The Hazards of Interdisciplinary Writing, Part One

Life intrudes, so I finally got to reading again the comments on my peer reviewed paper just the other day. I realized that something unexpected was happening with one of the referees:

“I don’t understand your use of this word.”*

“Why don’t you define that word?”

“What are you talking about here?”

“Why would you explore this extreme example when you explicitly say that the cited writer does not call for this interpretation?”**

It seemed a bit picky at first (I did define that term below my first use of it, which was probably a mistake), but I resisted the urge to become defensive, because I realized that I was using language from another discipline to talk about my own, and that this was a problem. I, who have been a science writer and who grew up reading Carl Sagan and Stephen Jay Gould, had written a paper lauded by my professor, another Gould enthusiast, but which had made my classmates’ eyes glaze over and apparently was near-incomprehensible to one referee. I ignore this person’s criticism to my peril.
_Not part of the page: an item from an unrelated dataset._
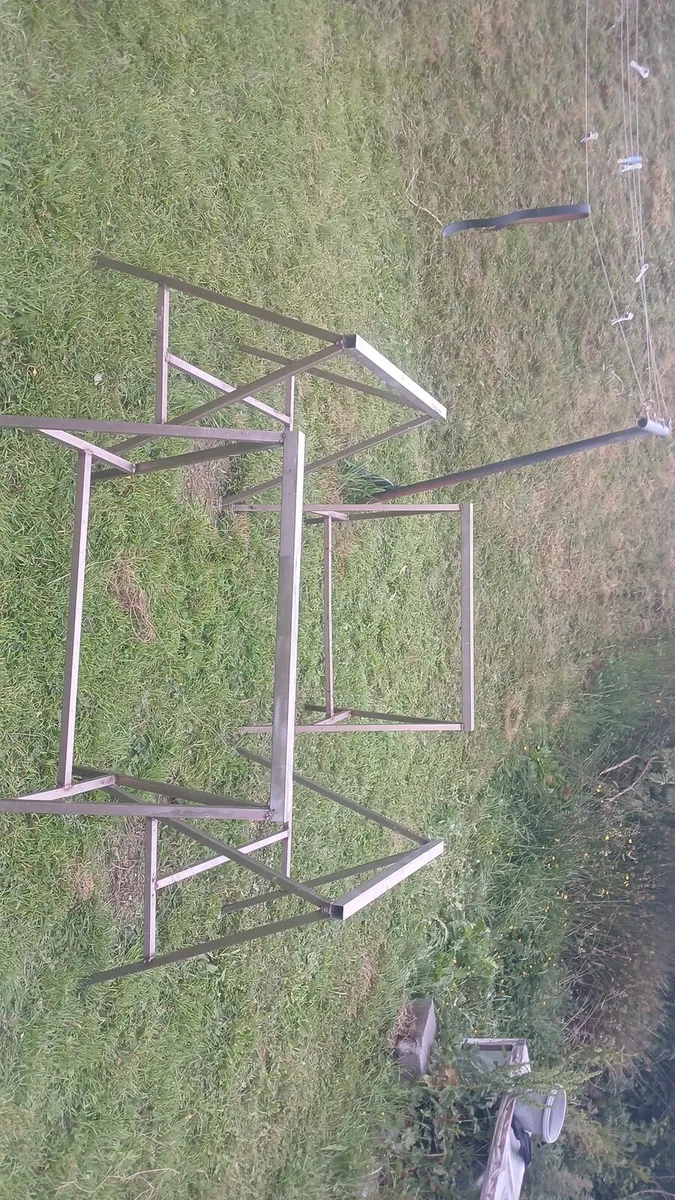 Stainless steel tresles - Image 1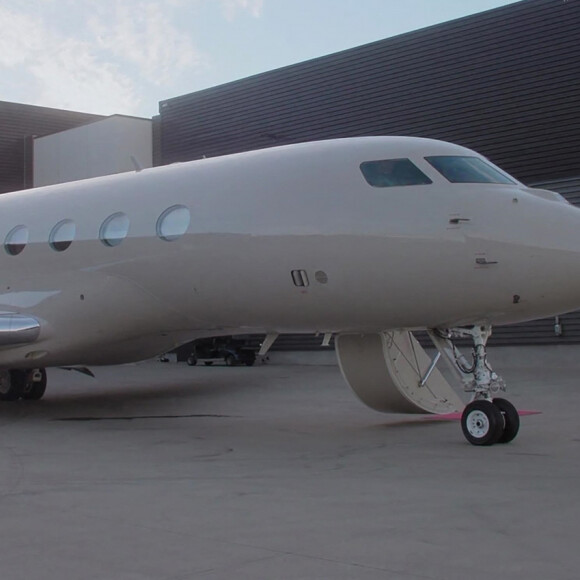 Kim Kardashian propose une petite visite guidée de son jet privé pour ses followers. Los Angeles, le 19 juillet 2022.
Despite the fact that I remain convinced that if archival science is to call itself a science, it must lean on and pull in other sciences, including information theory, it is incumbent upon me to communicate, not others to read more widely so that they understand *terms, and the concept of the **thought experiment.

The fact, is, while there has been much blogging and writing about interdisciplinary work in the past few years, archivists tend to be in a silo, librarians in another, information scientists in yet another, and here am I, employed in something completely different than all three while taking on the occasional archivist or indexer consulting gig. I do not have a silo at all. How to break down the language barriers between silos? That is something I am going to have to investigate.

At any rate, this national publication which kindly reviewed my paper (and I do appreciate it very much!) should find that my next submission will be more in line with traditional archivist work, highlighting a relatively unexplored topic in unpublished documents. Silos are also valuable, and form for a reason; I have discovered this, too.